Contre un morcellement de la lutte antiraciste
Enfin, il y a un enjeu autour du fait d’abandonner la charge sémantique attachée au mot « racisme » pour caractériser un type de comportements et d’attitudes discriminatoires au sein de la société. Le racisme fédère contre lui un rejet fort – d’où, d’ailleurs, la tentation de le dénoncer à tout bout de champ. Supprimer une forme de racisme, quand le groupe visé fait traditionnellement l’objet d’une forte essentialisation et stigmatisation, ne peut être vécu que comme un déclassement dans l’ordre des priorités des combats républicains pour l’égalité en droits et en dignité. Cela soulève le problème du morcellement de la lutte contre le racisme, ou plutôt de la restriction significative de son champ. La lutte contre le racisme serait nécessairement distincte de la lutte contre l’« hostilité », et il n’y aurait plus d’unité entre elles. Imaginons que les associations antiracistes d’inspiration universaliste finissent par adopter cette position, faudrait-il qu’elles ne considèrent plus comme de leur ressort ce type de manifestations ? Faudrait-il constituer des associations « anti-hostilité » pour agir contre ces types de rejet spécifiques ? Le terme « musulmanophobie » ne règle pas davantage la question si on l’envisage hors du champ des racismes. Ceux qui incitent à la haine contre les musulmans, les enjoignent à quitter la France, badigeonnent d’insultes les murs des mosquées ou affirment sur certaines chaînes de télévision que les « musulmans s’en foutent de la République », seraient d’ailleurs ravis de se voir traiter d’« hostiles » ou de « phobiques », plutôt que de « racistes ».

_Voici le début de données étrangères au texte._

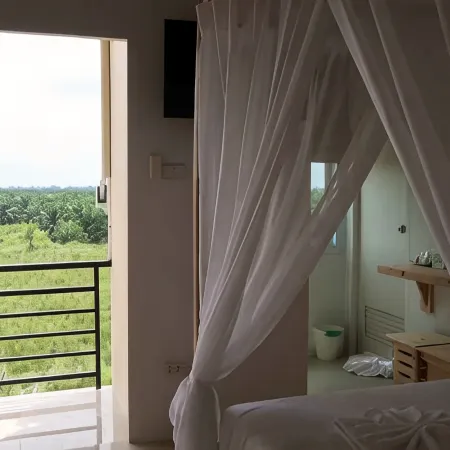 Baan Urt Suratthani Airport Hotel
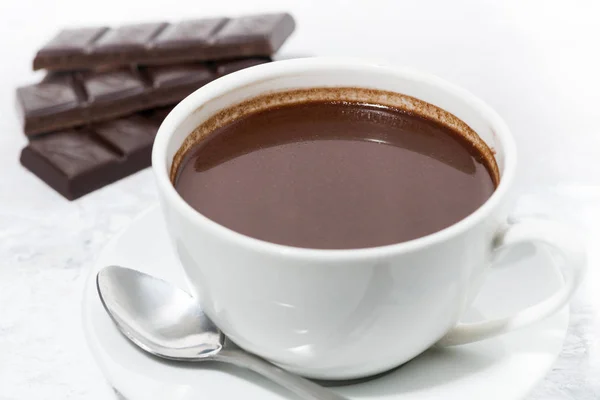 Eine Tasse heiße Schokolade, Nahaufnahme — Stockfoto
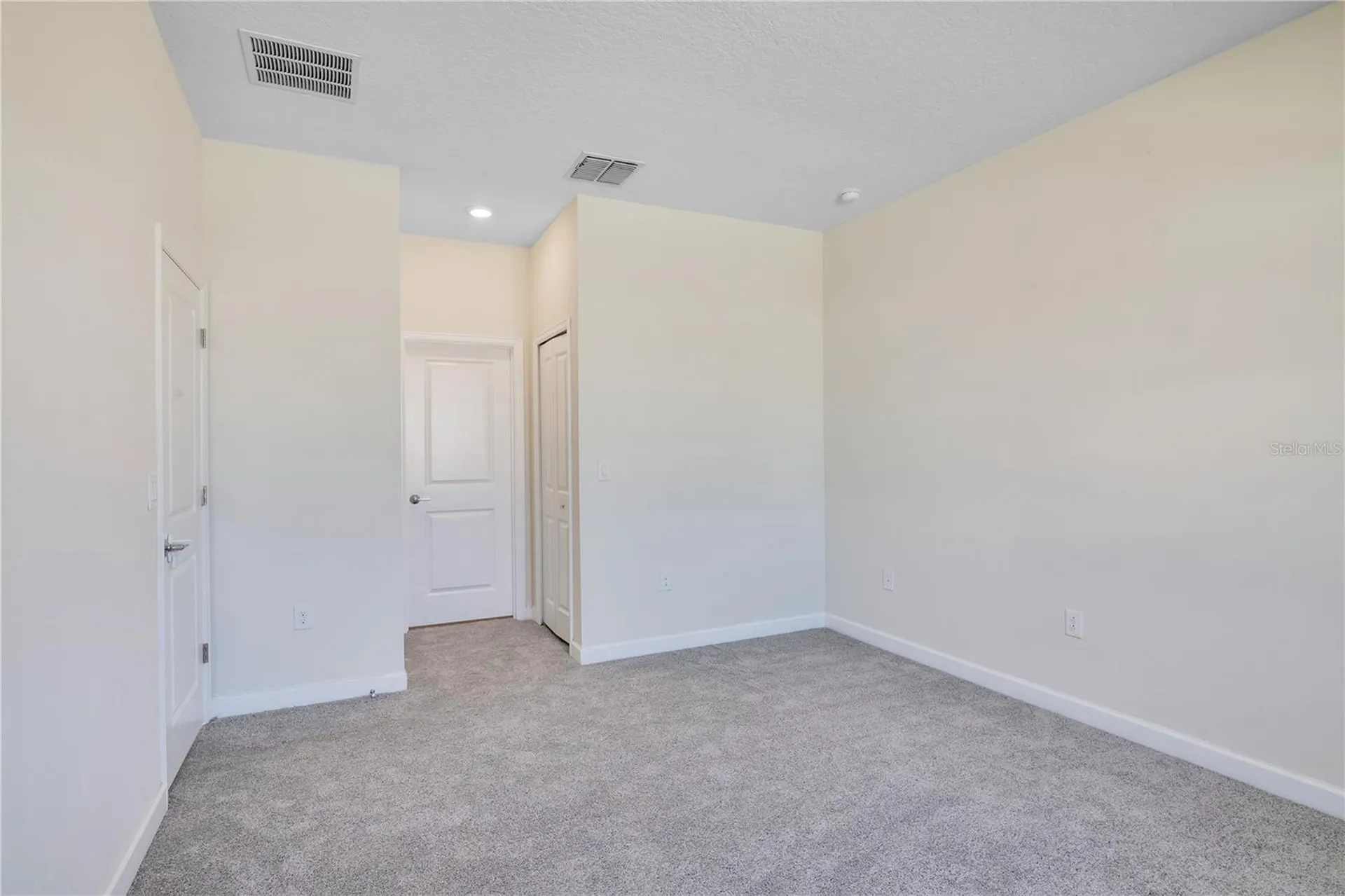 223 Bergamot Loop Davenport FL 33837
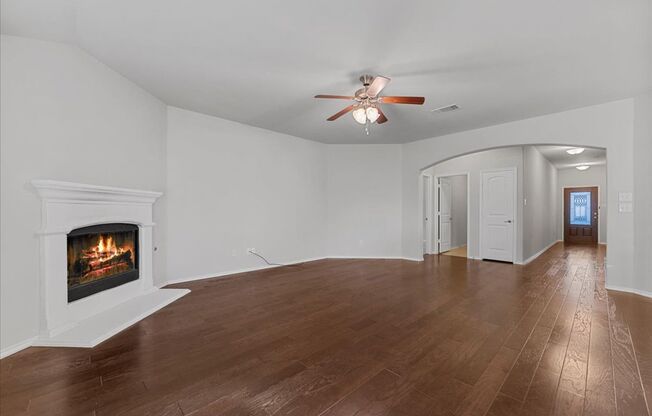Ready for Immediate Move-In!  3 Bed 2 Bath Beauty!!! in the Highly Desirable VALOR POINTE - THE RESERVE AT WESTRIDGE Subdivision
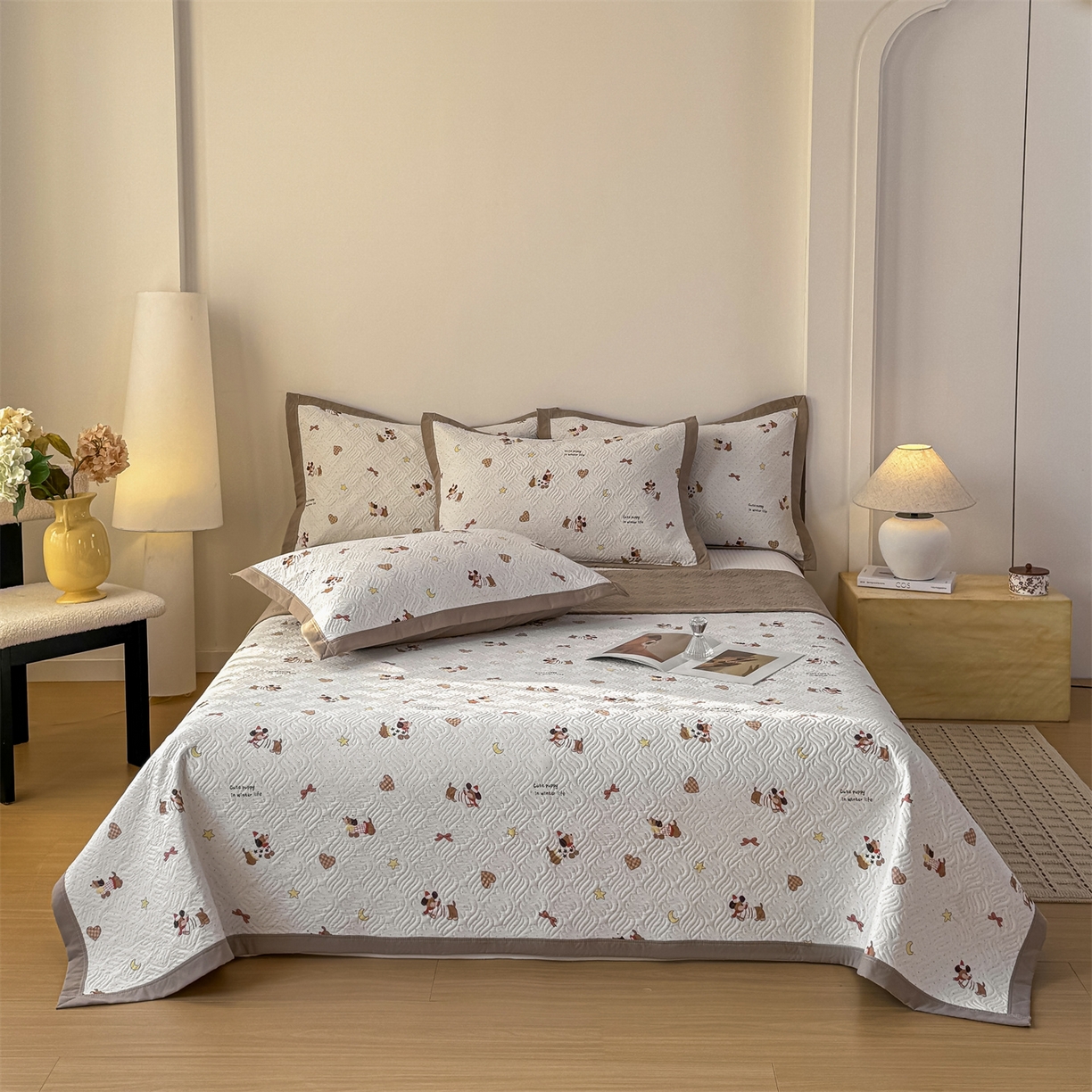 91家纺网 家纺一手货源 找家纺 优贝家纺 2026春夏新款水洗棉小清新印花夹棉多功能床盖三件套 时尚小狗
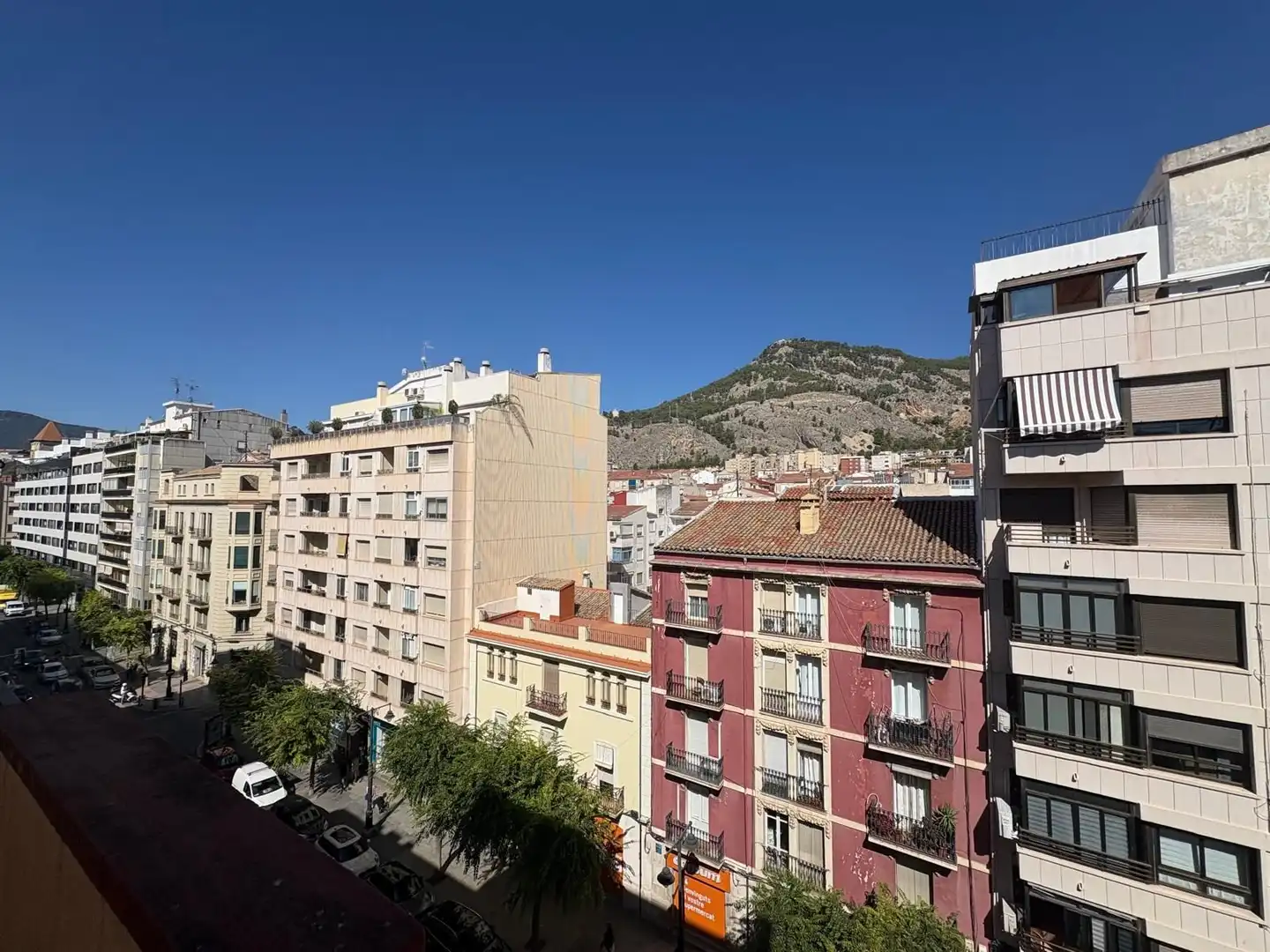 Vista exterior de Pis en venda en Alcoy / Alcoi amb Aire condicionat, Terrassa i Traster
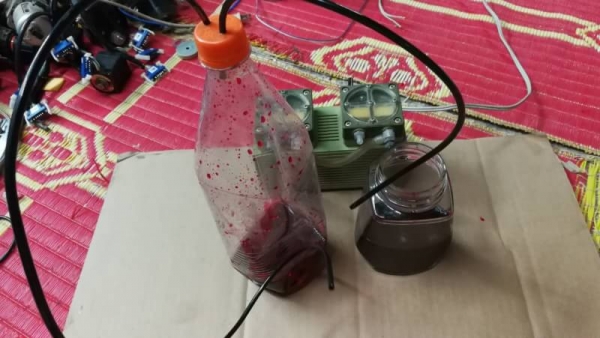 700 บ. ส่งฟรี083-2000058  LINE ID: line832923 ปั๊มไดอะแฟมดูดอัดอากาศเอนกประสงค์ 2 สเตท(2ห้องแยกกัน) ยี่ห้อ ULVAC จากญี่ปุ่น ใช้ไฟ 100 V. การต่อสาธิตตามvdo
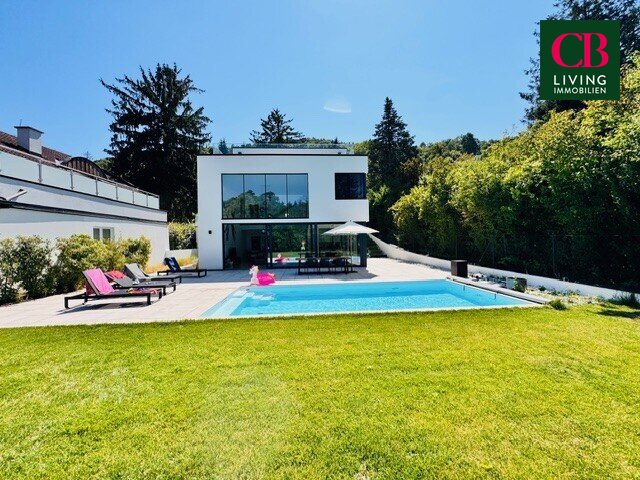 MÖBLIERTE , EXKLUSIVE VILLA MIT POOL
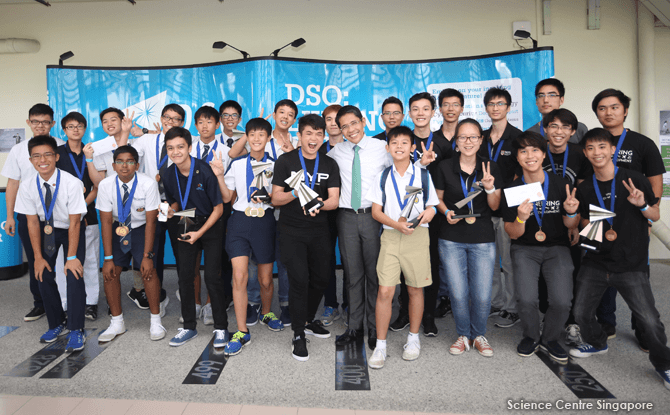 Group Photo of Singapore Amazing Flying Machine 2017 Award Winners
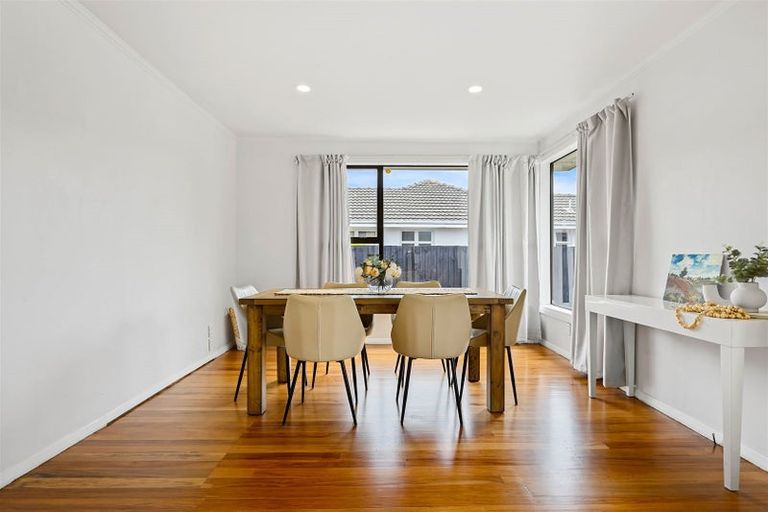 Photo of property in 8 Westburn Terrace, Burnside, Christchurch, 8041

D’autre part, les populations visées par cette haine se verraient contester le droit de se dire victimes de « racisme » et empêchées le recours aux lois. Le sentiment d’abandon et l’amertume qui s’ensuivraient ne seraient sans doute pas injustifiés. L’antiracisme dit « politique » aurait au contraire de beaux jours devant lui, en voyant ses thèses validées – celle notamment d’un délaissement sélectif et coupable de la République – et en continuant à parler, seul, de racisme au sujet des attaques contre les musulmans. Le discours victimaire porté par l’islam politique s’en trouverait renforcé.
L’antiracisme universaliste doit donc se montrer ferme face aux tentatives d’assimiler les critiques de l’islam, voire de l’islamisme, à du racisme. Il doit toutefois rester particulièrement attentif à ne pas renoncer aux fondamentaux qui caractérisent la lutte contre le racisme et l’antisémitisme depuis des décennies, et que l’on retrouve d’ailleurs dans la loi contre le racisme du 1er juillet 1972 : il faut en effet rappeler que la religion est, aux côtés de la « race », de l’ethnie et de la nationalité, l’un des critères qui fonde l’accusation de provocation à la discrimination, à la haine ou à la violence raciste. Conserver l’attention à ce que l’on ne biologise pas le religieux est important mais cela ne doit pas conduire, en réaction, à extraire du champ du racisme certaines atteintes à l’intégrité physique ou morale d’une partie de nos concitoyens.